(Brief descriptive captions)
__________

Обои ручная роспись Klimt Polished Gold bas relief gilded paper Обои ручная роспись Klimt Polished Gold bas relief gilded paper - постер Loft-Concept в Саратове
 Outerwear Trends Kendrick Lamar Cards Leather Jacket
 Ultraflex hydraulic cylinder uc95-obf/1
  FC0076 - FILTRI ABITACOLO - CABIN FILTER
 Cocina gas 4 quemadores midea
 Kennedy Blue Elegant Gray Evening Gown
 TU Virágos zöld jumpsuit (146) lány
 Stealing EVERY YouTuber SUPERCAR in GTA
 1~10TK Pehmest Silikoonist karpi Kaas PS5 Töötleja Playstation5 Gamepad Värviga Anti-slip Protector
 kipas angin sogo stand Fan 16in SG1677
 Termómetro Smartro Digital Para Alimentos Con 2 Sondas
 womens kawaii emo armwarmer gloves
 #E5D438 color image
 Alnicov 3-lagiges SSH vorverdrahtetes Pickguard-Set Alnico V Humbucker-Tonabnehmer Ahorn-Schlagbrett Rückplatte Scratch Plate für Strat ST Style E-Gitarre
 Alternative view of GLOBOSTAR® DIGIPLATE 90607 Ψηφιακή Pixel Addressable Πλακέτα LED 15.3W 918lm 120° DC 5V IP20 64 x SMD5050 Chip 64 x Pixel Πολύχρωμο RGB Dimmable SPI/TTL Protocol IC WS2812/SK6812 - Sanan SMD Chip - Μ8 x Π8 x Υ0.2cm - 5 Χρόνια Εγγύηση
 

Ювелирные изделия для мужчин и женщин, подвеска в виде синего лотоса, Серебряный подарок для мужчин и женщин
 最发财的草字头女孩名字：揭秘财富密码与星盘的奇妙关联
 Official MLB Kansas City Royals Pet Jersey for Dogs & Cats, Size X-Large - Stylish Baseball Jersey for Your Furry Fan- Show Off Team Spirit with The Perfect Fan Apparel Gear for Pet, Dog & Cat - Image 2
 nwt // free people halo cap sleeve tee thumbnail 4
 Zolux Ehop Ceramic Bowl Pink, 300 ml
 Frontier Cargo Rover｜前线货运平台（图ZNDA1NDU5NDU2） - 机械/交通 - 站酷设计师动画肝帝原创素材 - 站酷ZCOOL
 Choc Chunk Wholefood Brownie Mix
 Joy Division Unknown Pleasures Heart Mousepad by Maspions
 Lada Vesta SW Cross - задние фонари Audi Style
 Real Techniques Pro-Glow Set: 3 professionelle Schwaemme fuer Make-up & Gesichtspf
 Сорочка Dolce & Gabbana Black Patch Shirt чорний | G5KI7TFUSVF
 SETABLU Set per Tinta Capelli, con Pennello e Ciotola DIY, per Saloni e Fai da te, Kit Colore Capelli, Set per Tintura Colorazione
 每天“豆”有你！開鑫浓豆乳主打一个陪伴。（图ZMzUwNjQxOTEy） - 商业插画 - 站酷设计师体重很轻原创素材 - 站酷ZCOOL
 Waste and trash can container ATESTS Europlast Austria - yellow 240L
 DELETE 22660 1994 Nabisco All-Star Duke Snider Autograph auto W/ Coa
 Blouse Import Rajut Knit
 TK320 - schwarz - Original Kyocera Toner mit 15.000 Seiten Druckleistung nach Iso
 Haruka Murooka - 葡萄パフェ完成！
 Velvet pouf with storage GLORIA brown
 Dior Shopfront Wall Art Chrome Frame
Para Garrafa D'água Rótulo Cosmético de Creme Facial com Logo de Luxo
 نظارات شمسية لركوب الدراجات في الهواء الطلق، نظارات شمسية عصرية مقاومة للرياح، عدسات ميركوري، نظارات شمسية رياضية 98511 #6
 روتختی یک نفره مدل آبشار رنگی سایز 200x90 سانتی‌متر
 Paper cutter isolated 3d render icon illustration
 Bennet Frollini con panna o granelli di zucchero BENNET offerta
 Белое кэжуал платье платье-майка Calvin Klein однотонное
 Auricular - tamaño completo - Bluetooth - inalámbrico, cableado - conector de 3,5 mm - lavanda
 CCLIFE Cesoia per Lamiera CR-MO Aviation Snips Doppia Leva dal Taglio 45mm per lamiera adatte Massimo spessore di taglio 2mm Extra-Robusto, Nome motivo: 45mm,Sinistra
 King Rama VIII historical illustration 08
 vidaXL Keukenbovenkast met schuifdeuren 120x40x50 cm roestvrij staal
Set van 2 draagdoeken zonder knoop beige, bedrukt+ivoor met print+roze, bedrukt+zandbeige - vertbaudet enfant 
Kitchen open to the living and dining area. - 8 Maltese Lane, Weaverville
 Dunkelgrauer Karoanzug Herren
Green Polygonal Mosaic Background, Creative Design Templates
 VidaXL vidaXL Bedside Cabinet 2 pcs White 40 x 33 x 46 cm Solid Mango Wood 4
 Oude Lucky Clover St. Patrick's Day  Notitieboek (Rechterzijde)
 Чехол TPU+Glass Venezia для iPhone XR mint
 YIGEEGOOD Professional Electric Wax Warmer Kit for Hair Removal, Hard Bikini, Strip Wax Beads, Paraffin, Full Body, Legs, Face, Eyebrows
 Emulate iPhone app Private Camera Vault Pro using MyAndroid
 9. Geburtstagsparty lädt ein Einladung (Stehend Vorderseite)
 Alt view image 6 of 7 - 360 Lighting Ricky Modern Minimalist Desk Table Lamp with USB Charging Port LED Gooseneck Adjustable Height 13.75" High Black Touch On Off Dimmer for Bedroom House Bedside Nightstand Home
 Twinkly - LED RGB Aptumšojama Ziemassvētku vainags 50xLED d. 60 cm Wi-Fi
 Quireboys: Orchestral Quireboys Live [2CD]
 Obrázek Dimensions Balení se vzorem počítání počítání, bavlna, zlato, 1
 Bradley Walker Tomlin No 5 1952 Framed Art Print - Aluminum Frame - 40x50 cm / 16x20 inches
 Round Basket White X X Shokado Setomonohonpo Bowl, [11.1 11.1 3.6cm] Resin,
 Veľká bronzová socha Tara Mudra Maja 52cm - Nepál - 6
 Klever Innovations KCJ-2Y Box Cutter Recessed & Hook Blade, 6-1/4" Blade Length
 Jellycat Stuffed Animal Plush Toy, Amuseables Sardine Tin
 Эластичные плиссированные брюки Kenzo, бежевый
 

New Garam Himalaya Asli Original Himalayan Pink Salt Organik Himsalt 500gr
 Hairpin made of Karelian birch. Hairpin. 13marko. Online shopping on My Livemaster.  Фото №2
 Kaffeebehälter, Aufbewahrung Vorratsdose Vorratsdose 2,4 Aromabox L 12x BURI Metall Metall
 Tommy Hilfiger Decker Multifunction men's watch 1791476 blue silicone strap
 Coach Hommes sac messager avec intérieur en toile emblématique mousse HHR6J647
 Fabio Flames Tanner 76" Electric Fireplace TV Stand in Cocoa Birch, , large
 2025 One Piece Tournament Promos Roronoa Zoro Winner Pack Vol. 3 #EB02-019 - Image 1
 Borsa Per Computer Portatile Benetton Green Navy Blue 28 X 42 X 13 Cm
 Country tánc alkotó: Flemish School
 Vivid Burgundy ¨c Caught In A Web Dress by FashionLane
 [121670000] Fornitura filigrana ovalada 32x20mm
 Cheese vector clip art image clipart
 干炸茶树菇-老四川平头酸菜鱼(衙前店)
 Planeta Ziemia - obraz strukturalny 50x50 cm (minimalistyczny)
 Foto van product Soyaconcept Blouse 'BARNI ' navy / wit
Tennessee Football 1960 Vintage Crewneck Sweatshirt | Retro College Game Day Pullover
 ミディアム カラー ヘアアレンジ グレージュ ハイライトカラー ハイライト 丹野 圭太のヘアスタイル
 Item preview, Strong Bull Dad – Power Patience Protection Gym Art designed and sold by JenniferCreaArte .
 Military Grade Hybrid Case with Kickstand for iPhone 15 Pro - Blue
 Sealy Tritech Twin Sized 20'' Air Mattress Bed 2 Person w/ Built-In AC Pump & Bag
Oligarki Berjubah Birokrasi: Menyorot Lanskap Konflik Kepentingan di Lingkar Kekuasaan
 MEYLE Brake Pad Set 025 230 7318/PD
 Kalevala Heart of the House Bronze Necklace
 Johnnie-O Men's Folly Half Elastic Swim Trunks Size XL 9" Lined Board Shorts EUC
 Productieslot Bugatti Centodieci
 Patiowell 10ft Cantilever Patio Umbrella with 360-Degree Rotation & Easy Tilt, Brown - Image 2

__________

WHAT YOU WILL DO.
The answer should consist solely of the lines from the first line above through the one with "Alnicov 3-lagiges SSH", both included, repeated exactly.

RESULT OF THE TASK.
Обои ручная роспись Klimt Polished Gold bas relief gilded paper Обои ручная роспись Klimt Polished Gold bas relief gilded paper - постер Loft-Concept в Саратове
 Outerwear Trends Kendrick Lamar Cards Leather Jacket
 Ultraflex hydraulic cylinder uc95-obf/1
  FC0076 - FILTRI ABITACOLO - CABIN FILTER
 Cocina gas 4 quemadores midea
 Kennedy Blue Elegant Gray Evening Gown
 TU Virágos zöld jumpsuit (146) lány
 Stealing EVERY YouTuber SUPERCAR in GTA
 1~10TK Pehmest Silikoonist karpi Kaas PS5 Töötleja Playstation5 Gamepad Värviga Anti-slip Protector
 kipas angin sogo stand Fan 16in SG1677
 Termómetro Smartro Digital Para Alimentos Con 2 Sondas
 womens kawaii emo armwarmer gloves
 #E5D438 color image
 Alnicov 3-lagiges SSH vorverdrahtetes Pickguard-Set Alnico V Humbucker-Tonabnehmer Ahorn-Schlagbrett Rückplatte Scratch Plate für Strat ST Style E-Gitarre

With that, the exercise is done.